🤖 AI Summary
Existing multimodal large language model (MLLM) benchmarks for mathematical reasoning focus predominantly on textual output, neglecting models’ ability to perform precise visual operations via executable code. Method: We introduce MathVizCode—the first systematic benchmark evaluating MLLMs’ code-based visual generation and editing capabilities in mathematical contexts. It covers geometric diagrams, function plots, and three types of statistical charts, and defines two core dimensions—“code generation” and “code editing”—further subdivided into deletion, modification, and annotation operations. Executable code serves as the intermediate representation, enabling fully automated, reproducible, and quantitative evaluation. Contribution/Results: Experiments across nine state-of-the-art MLLMs reveal a substantial performance gap between current models and human-level accuracy in visual code execution, exposing critical bottlenecks in multimodal code understanding and grounded visual reasoning.
📝 Abstract
Recent progress in Multi-modal Large Language Models (MLLMs) has enabled step-by-step multi-modal mathematical reasoning by performing visual operations based on the textual instructions. A promising approach uses code as an intermediate representation to precisely express and manipulate the images in the reasoning steps. However, existing evaluations focus mainly on text-only reasoning outputs, leaving the MLLM's ability to perform accurate visual operations via code largely unexplored. This work takes a first step toward addressing that gap by evaluating MLLM's code-based capabilities in multi-modal mathematical reasoning.Specifically, our framework focuses on two key evaluation aspects: (1) Multi-modal Code Generation (MCG) evaluates the model's ability to accurately understand and construct visualizations from scratch. (2) Multi-modal Code Editing (MCE) assesses the model's capacity for fine-grained operations, which include three types: Deletion, Modification and Annotation.
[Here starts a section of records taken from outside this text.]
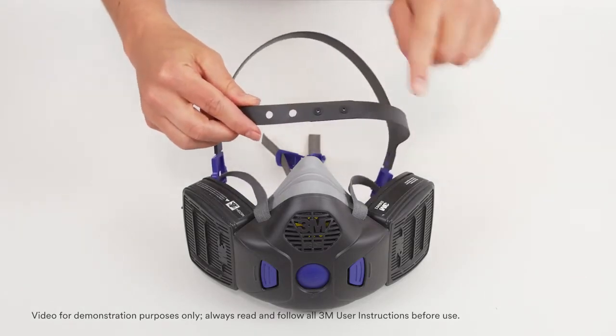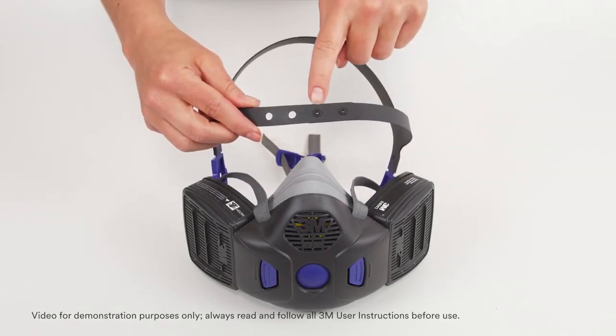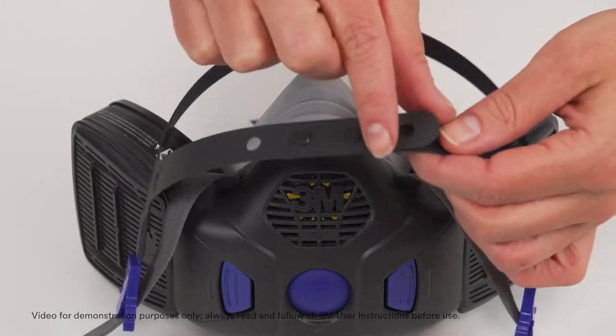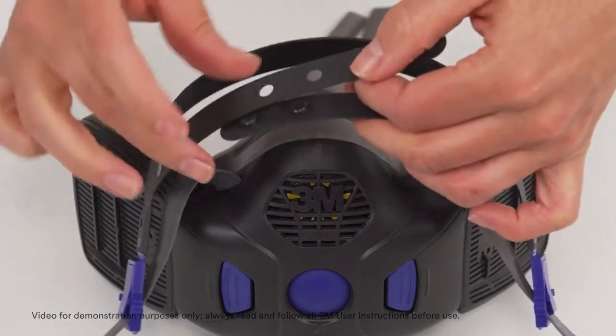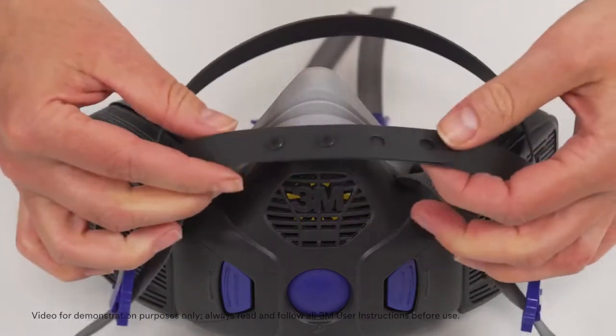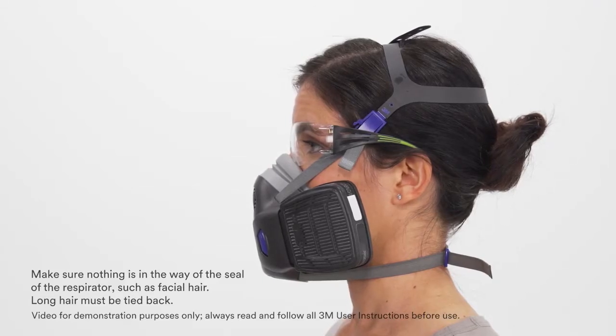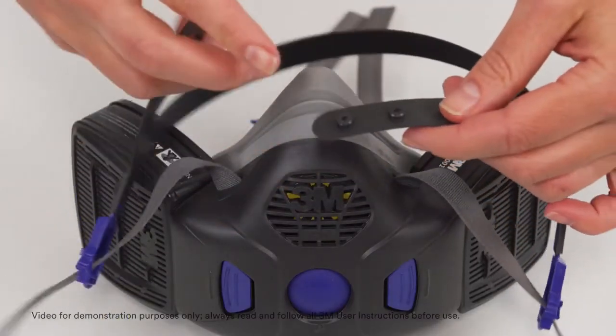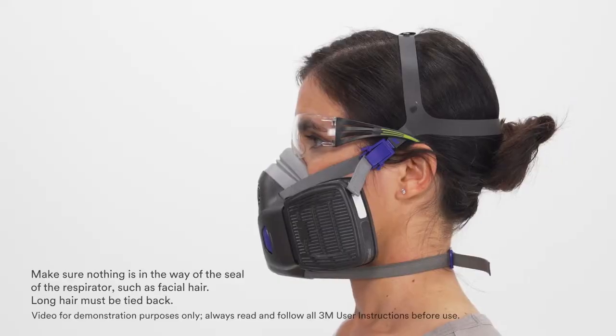The head cradle pin locks can be adjusted to make the cradle smaller or larger depending on head size. Adjust the pin locks so the cradle fits comfortably on your head. Note that adjusting the head cradle to a smaller position can pull the buckles up and away from the temple bars of glasses, while making the cradle larger can lower the buckles so they rest below the temple bars.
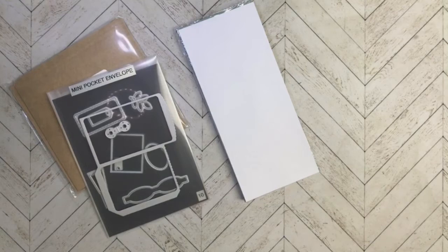Hi everyone, Carmen Broxma here with Choose Joy with Carmen. I am an independent Stampin' Up! demonstrator in Arvada, Colorado, and in today's video I am going to show you my thoughts and creation behind Craft Roulette episode number 132.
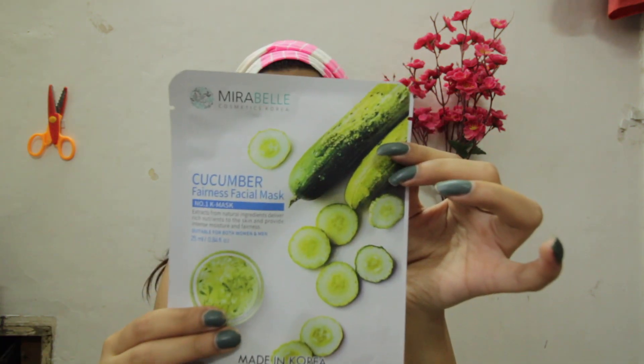Hi guys, welcome back to my channel Concaten Style. I am Ankita and this video is all about sheet masks. There are some people who don't know what sheet masks are, so they look like this.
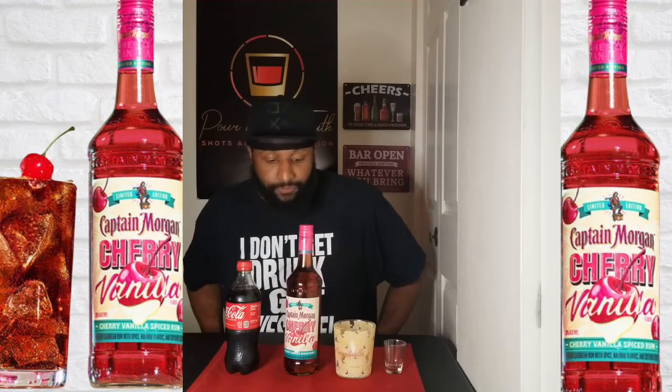What's up YouTube, this is your boy Truth coming at you with another video. Today we are doing a review on Captain Morgan's cherry vanilla flavored rum. It's a limited edition and I was told it's only been out for about a month or less. I was able to get my hands on it and said I would do a video for the channel — maybe somebody might go out and buy it, wanted to try it out, or seen it in the store.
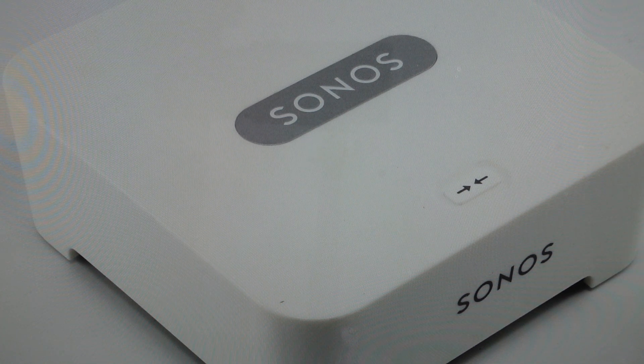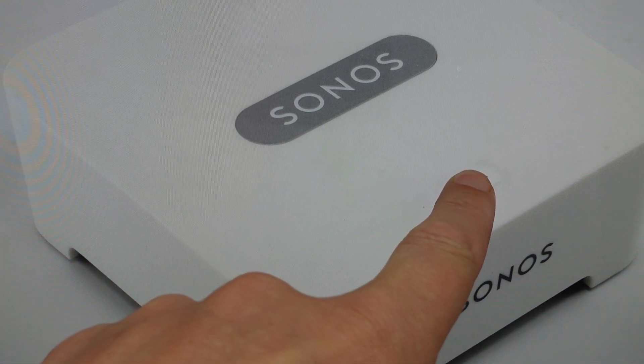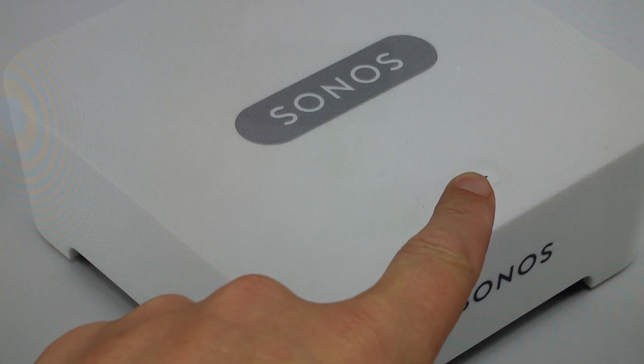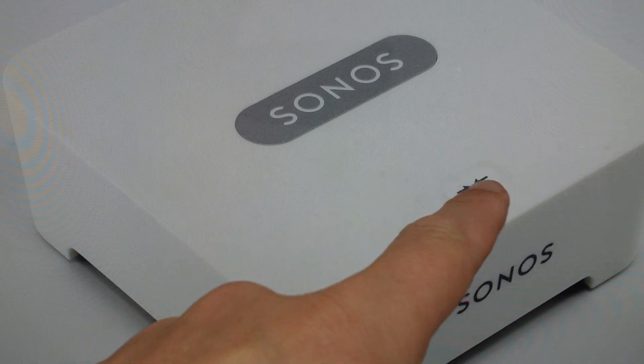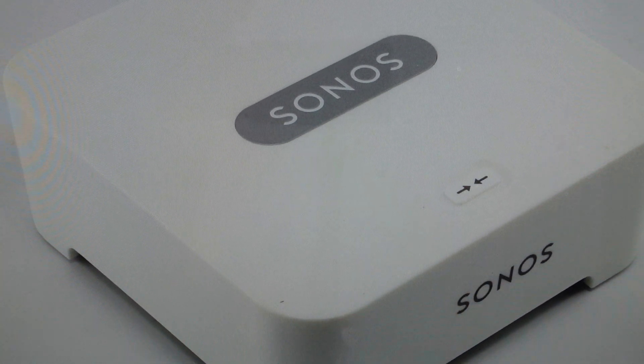All we need to do is unplug it from the wall, and then once we unplug it from the wall, we're going to come in and press and hold the connect button here. We're just going to continue to hold the connect button as we restore power to it, and keep pressing the button until the little LED indicator light on it flashes orange and white, at which point we can let go of the button and allow it to complete its reset process.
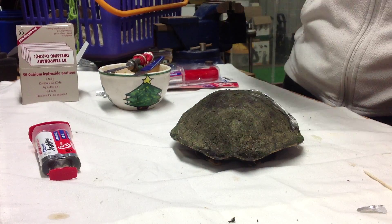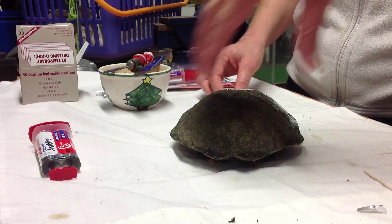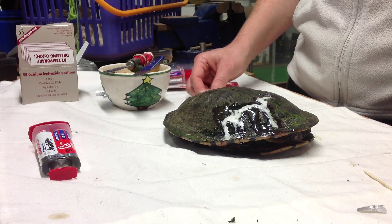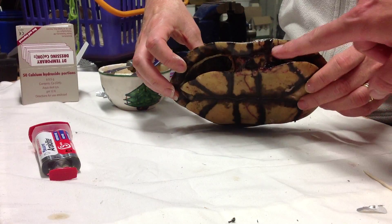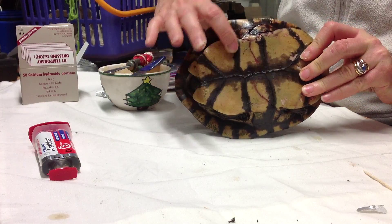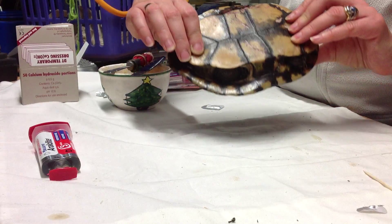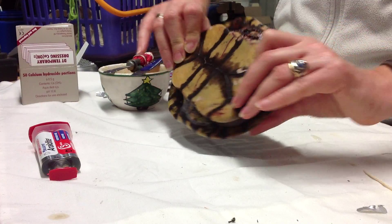It's pretty much touch-dry — the two-pack Araldite on the front of the turtle. So that's sealed up nicely on the top half. We now need to do more or less the same thing for the bridge crack, which we looked at earlier. We'll flip him over and try to get the best angle possible for you and set up this other side.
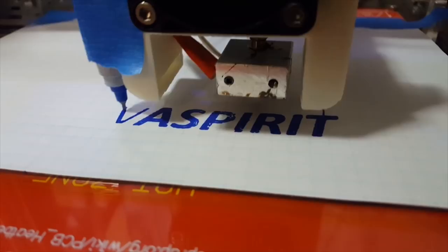Hey guys, what's going on? It's Don here from Nova Spirit Tech, and today we are going to be building a cheap portable smart projector using the Raspberry Pi. So let's get started.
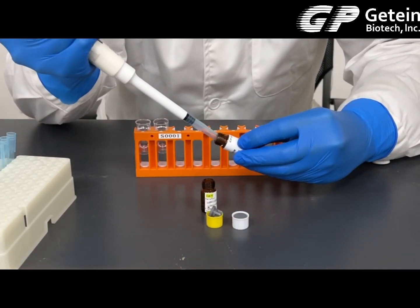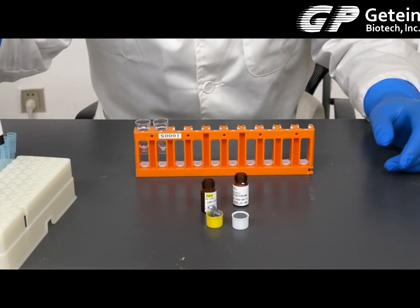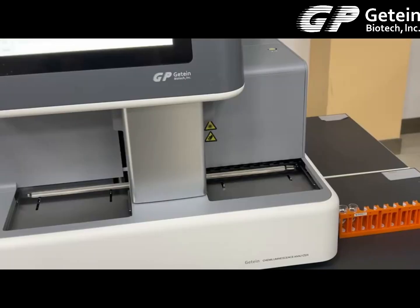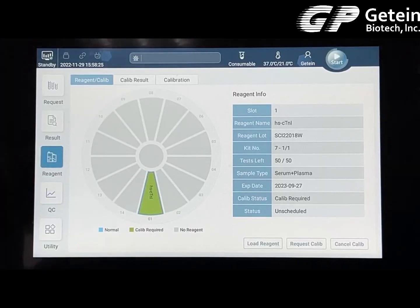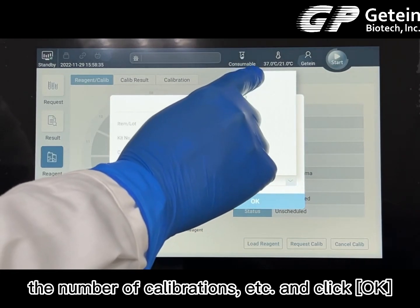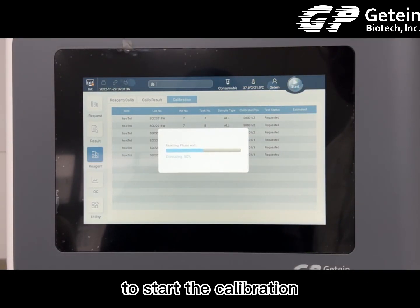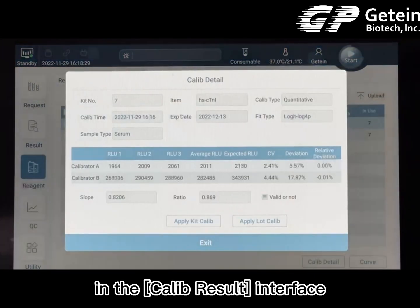Open the calibrator and add it to the Hitachi cup. Place the Hitachi cup on the calibration rack and then place it in the sampling area of the machine. In the reagent interface, click on the request calib button. The pop-up screen allows you to select the sample type, the number of calibrations, etc., and click OK. Click on the calibration bar at the top to see the calibration task and click Start in the top right corner to begin. After the calibration process is done, you can check the calibration result in the Calib Result interface.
To evaluate the above tasks, we incorporate a dataset that covers the five most popular types of mathematical figures, including geometric diagrams, function plots, and three types of statistical charts, to provide a comprehensive and effective measurement of existing MLLMs. Our experimental evaluation involves nine mainstream MLLMs, and the results reveal that existing models still lag significantly behind human performance in performing fine-grained visual operations.